*Exercise*: Find the line with "May include: A" in the entries below, then reproduce it and every line after it down to and including the line with "X0000060810242200511141513", exactly.

Data entries
[Start of Attachment]

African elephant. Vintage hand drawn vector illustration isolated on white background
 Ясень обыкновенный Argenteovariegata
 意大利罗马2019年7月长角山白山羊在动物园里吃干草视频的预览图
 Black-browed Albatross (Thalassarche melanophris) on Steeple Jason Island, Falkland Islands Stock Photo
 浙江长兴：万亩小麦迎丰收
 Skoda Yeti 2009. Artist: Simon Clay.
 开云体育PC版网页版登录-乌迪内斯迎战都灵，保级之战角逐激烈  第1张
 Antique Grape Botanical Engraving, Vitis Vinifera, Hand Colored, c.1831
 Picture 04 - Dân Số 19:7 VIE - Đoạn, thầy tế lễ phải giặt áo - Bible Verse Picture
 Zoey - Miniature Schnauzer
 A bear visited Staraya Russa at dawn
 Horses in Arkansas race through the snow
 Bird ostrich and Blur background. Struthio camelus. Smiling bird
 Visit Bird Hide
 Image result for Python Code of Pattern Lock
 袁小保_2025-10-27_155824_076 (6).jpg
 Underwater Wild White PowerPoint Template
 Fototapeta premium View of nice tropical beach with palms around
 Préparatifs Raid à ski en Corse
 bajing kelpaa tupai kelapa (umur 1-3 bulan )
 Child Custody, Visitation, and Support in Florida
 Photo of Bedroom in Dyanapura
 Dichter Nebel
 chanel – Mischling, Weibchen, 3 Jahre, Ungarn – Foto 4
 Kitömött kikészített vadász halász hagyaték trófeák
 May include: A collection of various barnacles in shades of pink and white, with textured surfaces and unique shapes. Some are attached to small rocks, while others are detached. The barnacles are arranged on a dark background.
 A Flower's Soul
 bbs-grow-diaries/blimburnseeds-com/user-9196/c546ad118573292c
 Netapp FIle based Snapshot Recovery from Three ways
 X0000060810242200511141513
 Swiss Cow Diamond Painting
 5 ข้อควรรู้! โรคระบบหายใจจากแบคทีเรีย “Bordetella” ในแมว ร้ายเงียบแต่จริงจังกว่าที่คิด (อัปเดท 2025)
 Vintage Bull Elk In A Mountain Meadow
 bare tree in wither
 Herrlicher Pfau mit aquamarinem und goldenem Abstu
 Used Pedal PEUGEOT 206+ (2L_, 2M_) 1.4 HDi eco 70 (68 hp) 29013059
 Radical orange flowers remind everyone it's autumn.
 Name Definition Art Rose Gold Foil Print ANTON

[End of Attachment]

*Answer space*:
 May include: A collection of various barnacles in shades of pink and white, with textured surfaces and unique shapes. Some are attached to small rocks, while others are detached. The barnacles are arranged on a dark background.
 A Flower's Soul
 bbs-grow-diaries/blimburnseeds-com/user-9196/c546ad118573292c
 Netapp FIle based Snapshot Recovery from Three ways
 X0000060810242200511141513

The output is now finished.